The visual response of single units was tested using vertical gratings drifting leftwards with a 1-Hz temporal frequency and centred on the receptive field at the recording site. Gratings were presented for 3 s and separated by a 2-s inter-stimulus interval. Unit response properties were investigated at all combinations of 4, 8, 32 and 100% contrasts, 0.01, 0.04, 0.16 and 0.64 cycle per degree spatial frequencies, and 10°, 20°, 40° and 80° diameters (64 combinations total).

Behavioural experiments

For behavioural training, mice were water rationed and maintained between 85% and 88% of their initial weight. Reward consisted of 3 µl water droplets. All visual stimuli were full-screen drifting gratings with a spatial frequency of 0.04 cycle per degree and temporal frequency of 2 Hz and were displayed for 1 s. Auditory stimuli consisted of 2-kHz pure tones. On trials in which mice responded by licking, the stimulus was displayed for an additional 2 s during reward consumption.

Visual detection task

Training was divided into five stages. (1) Mice were first trained to collect water freely from the waterspout. Reward was given at regular intervals. Mice were moved to the next stage when they made 100 responses in a 20-min session. (2) Mice were habituated to the trial structure and to associate reward to high-contrast (100%) visual stimuli. The waterspout was moved within reach, and after a 4-s delay, a pure tone (4 kHz at 200 ms) signalled the onset of a trial. Visual stimuli were displayed after a randomized interval (0.5–1.2 s) and a reward was delivered at stimulus onset. Mice could collect an additional reward if they licked during the visual stimulus. The spout was moved out of reach at the end of trial for an additional interval (1.5–3.5 s). Mice were moved to the next stage after two 30-min sessions. (3) Mice had to lick during visual stimulus presentation (100% contrast) to receive a reward. Mice were moved to the next stage when they responded correctly on more than 80% of trials within a 30-min session. (4) No-go trials were introduced. Stimuli were omitted after the tone on 30% of trials. If animals made a response when stimuli were not present on the screen, the waterspout was moved away, and mice incurred a 10-s timeout. Mice were moved to the next stage when their hit rate was more than 80% and their false alarm rate was less than 20%. Sessions lasted 45 min. (5) Contrast was varied to test psychophysical performance. Task structure was otherwise identical to stage 4.

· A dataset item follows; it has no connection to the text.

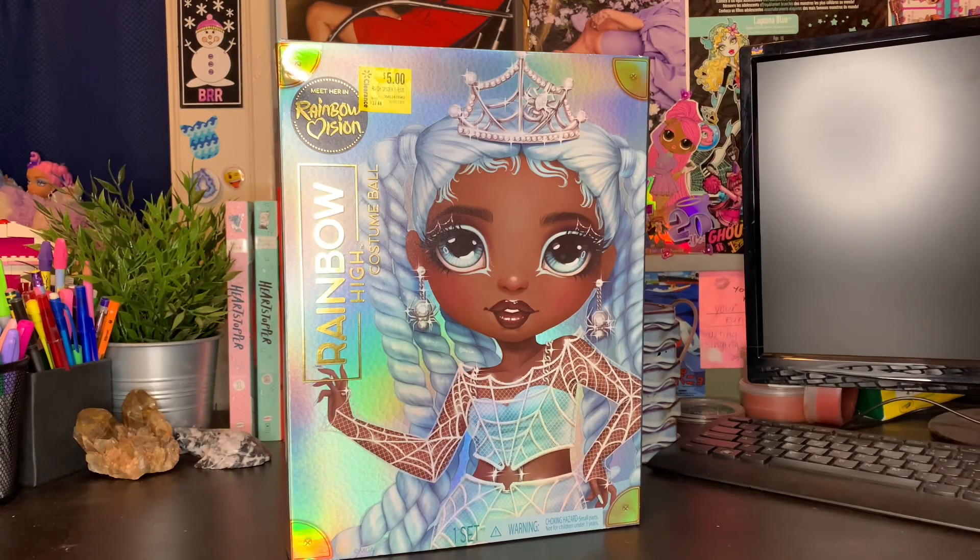Hey BBs! It's Plastic, and today I'm back with y'all for another video. Today's video is super fun, as I have the Rainbow High Kashi Ball Robin Stirling Doll.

Visual detection and optogenetics

Mice were trained on the visual detection task until stage 5. After 2–5 days on stage 5, optogenetic stimulation was delivered on 30% of trials through an insulated multimode optical fibre (200 µm in diameter, 0.53 NS, Thorlabs) coupled to a 473-nm solid-state laser (Opto Engine) or through a 470-nm photodiode (Thorlabs). Pulse timing was controlled through transistor-transistor logic (TTL) pulses or a shutter (Thorlabs). Stimulation started 300 ms before stimulus onset and was maintained until the end of the trial. To test the role of V1 in task performance on PV–Cre^+/0 mice, laser power was adjusted to produce an output of approximately 100 mW mm⁻² and 55-ms pulses were delivered at 10 Hz. To test the role of dLGN activation, 1-ms pulses were delivered at an intensity of 3 mW mm⁻² or 5 mW mm⁻² that were either regular (20 Hz), Poisson (λ = 24.3 Hz) or drawn from the inter-event interval distribution of gamma events detected by CBASS (Extended Data Fig. 2i; mean of 24.3 Hz). To test the role of dLGN inactivation on SST–Cre^+/0 mice, light was delivered continuously at an intensity of 50 mW mm⁻².

To investigate how the gamma event rate at response time depended on reward contingencies, we used training schedules consisting of combinations of the following paradigms: spontaneous, task 1 visual, task 2 auditory and forced reward.

Spontaneous paradigm

No stimuli were displayed. Mice were given rewards at Poisson-distributed time intervals (λ = 10 s) to ensure a flat hazard rate. Lick responses made at any time led to additional rewards with an 80% probability.

Task 1 visual paradigm

Rewards were given only when lick responses were made during visual stimuli. Stimuli appeared on the screen at Poisson-distributed time intervals (λ = 9 s).

Task 2 auditory paradigm

Rewards were given only when lick responses were made during auditory stimuli (2-kHz pure tone). The task structure was otherwise identical to task 1.

Forced reward paradigm

Rewards were passively given at the onset of visual stimuli. An additional reward was given upon reward collection. The task structure was otherwise identical to task 1.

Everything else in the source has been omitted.